Geim ziet de toepassing van grafeen in de praktijk al helemaal voor zich: “Het is het dunste, stijfste, sterkste en meest rekbare kristal dat we kennen. Het geleidt een miljoen keer beter dan koper en kan met één enkele atoomlaag gassen tegenhouden.”
Lange tijd stond de onmogelijkheid om grote hoeveelheden grafeen te maken een doorbraak in de elektronica in de weg. „Begin dit jaar lukte het om meer dan een vierkante centimeter te produceren. Nu kunnen we pas echt gaan meten of de bijzondere eigenschappen van het spul zich op grotere schaal ook staande houden, voor eindeloos veel toepassingen.”
Maan is, als oud-collega van Geim en promotor van Novoselov, blij met de onderscheiding: „Het is volledig terecht dat zij de Nobelprijs nu krijgen. Zij zijn als geen ander in staat een goed idee te vertalen en met eenvoudige middelen een prachtig onderzoeksresultaat te bewerkstelligen.”
Het eenvoudige middel waar Maan op doelt, is een stukje plakband, waarmee de twee mannen in 2004 in hun laboratorium in Manchester de grafietlaagjes van een potloodpunt afpelden als de rokken van een ui. Onder de elektronenmicroscoop blijkt het laagje grafiet slechts één atoom dik te zijn.
Ook Lieven Vandersypen, programmaleider van het grafeenonderzoek van de TU Delft reageert enthousiast: „Geim en Novoselov zijn ook na hun plakbanddoorbraak toonaangevend gebleven in het vakgebied. Ze bedenken steeds weer leuke en relevante experimenten.”
Het wachten is nu op toepassingen. „Elke week verschijnen ruim vijftig publicaties met grafeen in de titel, en wordt ook bij bedrijven als Samsung en IBM hard gewerkt aan het bestuderen van mogelijke toepassingen in bijvoorbeeld touchscreens en platte beeldschermen.”

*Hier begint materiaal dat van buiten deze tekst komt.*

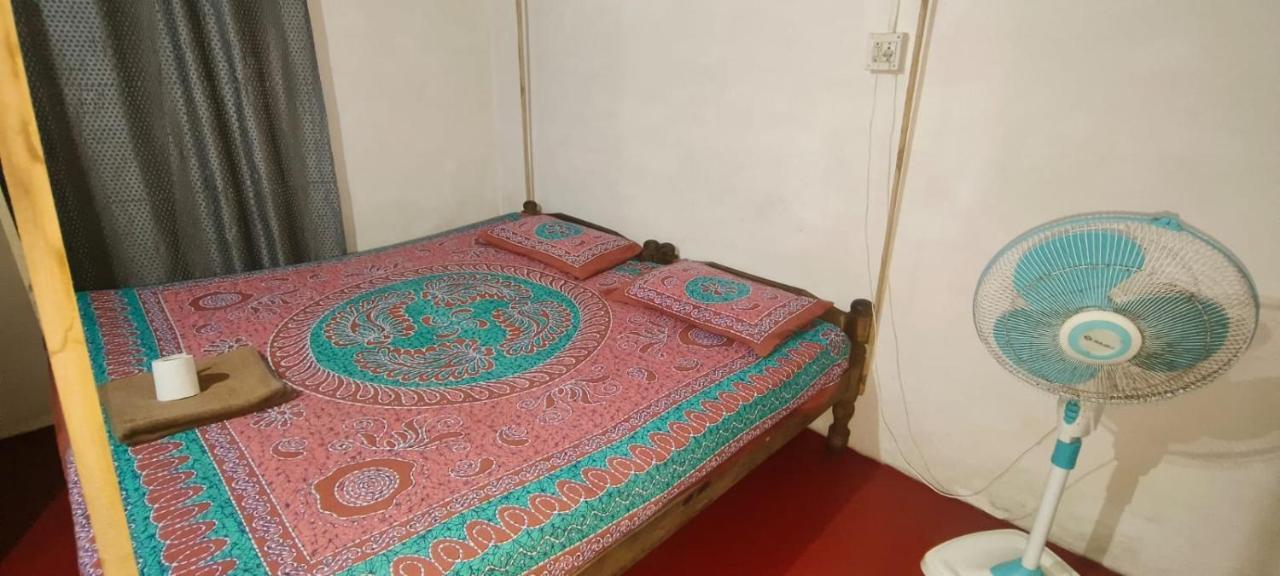 The Blues Hotel Alappuzha Стая снимка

Grafeen is niet de enige bijzondere koolstofvariant die in het laboratorium is gemaakt. Eerder sleutelden wetenschappers een koolstofbol in de vorm van een voetbal in elkaar – in 1996 goed voor de Nobelprijs voor Chemie. Later volgen koolstofnanobuisjes, die in wezen niets anders zijn dan een tot een koker gevouwen velletje grafeen.
De jongste loot aan de koolstoftak is wel de meestbelovende. De natuurkundige eigenschappen van grafeen zijn minstens zo bijzonder als die van de eerder ontdekte koolstofvarianten, terwijl het materiaal handzamer is in gebruik.
Het is de tiende keer dat een Nederlander de natuurkundeprijs in de wacht sleept. De laatste keer was in 1999, door de Utrechtse natuurkundigen Gerard ’t Hooft en Martinus Veltman. In totaal is Nederland sinds de eerste Nobelprijzen in 1901 negentien keer in de prijzen gevallen. Vijf daarvan vielen in de eerste dertien jaar.
Geim is de eerste wetenschapper die zowel een Nobelprijs als een IgNobelprijs heeft verdiend. Deze ludieke tegenhanger die sinds 1991 bestaat, zet wetenschappers in het zonnetje wiens onderzoek mensen eerst laat glimlachen en vervolgens doet nadenken. Hij kreeg de onderscheiding in 2000 omdat hij er met behulp van de Nijmeegse supermagneet in geslaagd was een kikker in bolletje van water te laten zweven.